__Data to use__.
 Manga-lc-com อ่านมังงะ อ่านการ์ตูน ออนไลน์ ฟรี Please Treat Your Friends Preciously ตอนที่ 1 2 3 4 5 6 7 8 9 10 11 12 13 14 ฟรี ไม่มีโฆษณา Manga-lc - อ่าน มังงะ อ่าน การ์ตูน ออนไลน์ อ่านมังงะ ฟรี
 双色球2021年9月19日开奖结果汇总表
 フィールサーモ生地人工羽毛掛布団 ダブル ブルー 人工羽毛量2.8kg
...
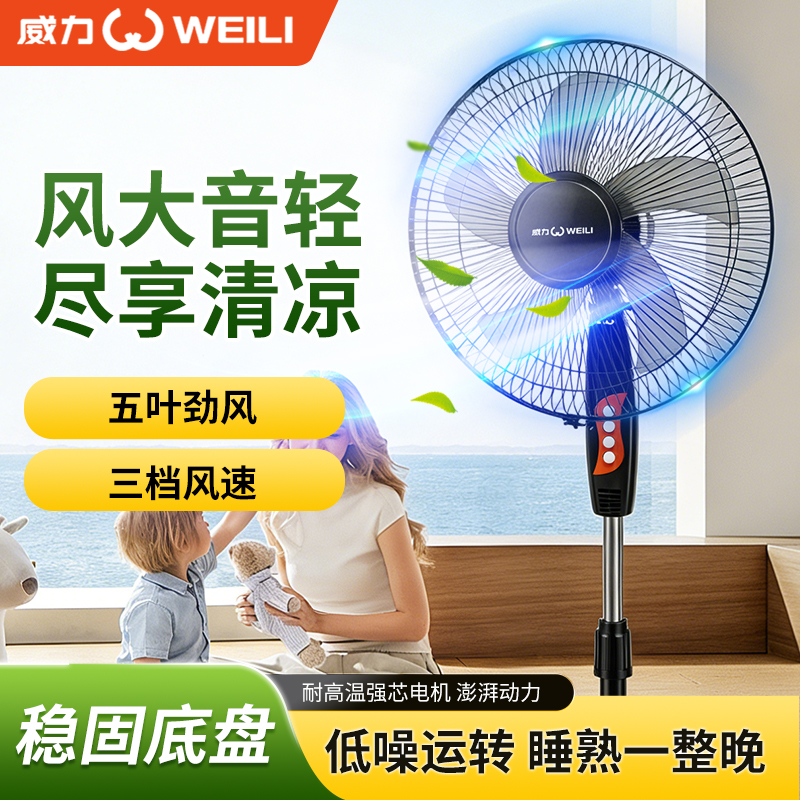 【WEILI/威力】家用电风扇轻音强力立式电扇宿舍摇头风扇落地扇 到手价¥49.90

__Work to be completed__.
In the listing above, the lines from the one containing "双色球2021年9月19日开奖结果汇总表" through the one containing "フィールサーモ生地人工羽毛掛布団 ダブル ブルー 人工羽毛量2.8kg" must be set down exactly, with no other lines.

__Result of the exercise__.
 双色球2021年9月19日开奖结果汇总表
 フィールサーモ生地人工羽毛掛布団 ダブル ブルー 人工羽毛量2.8kg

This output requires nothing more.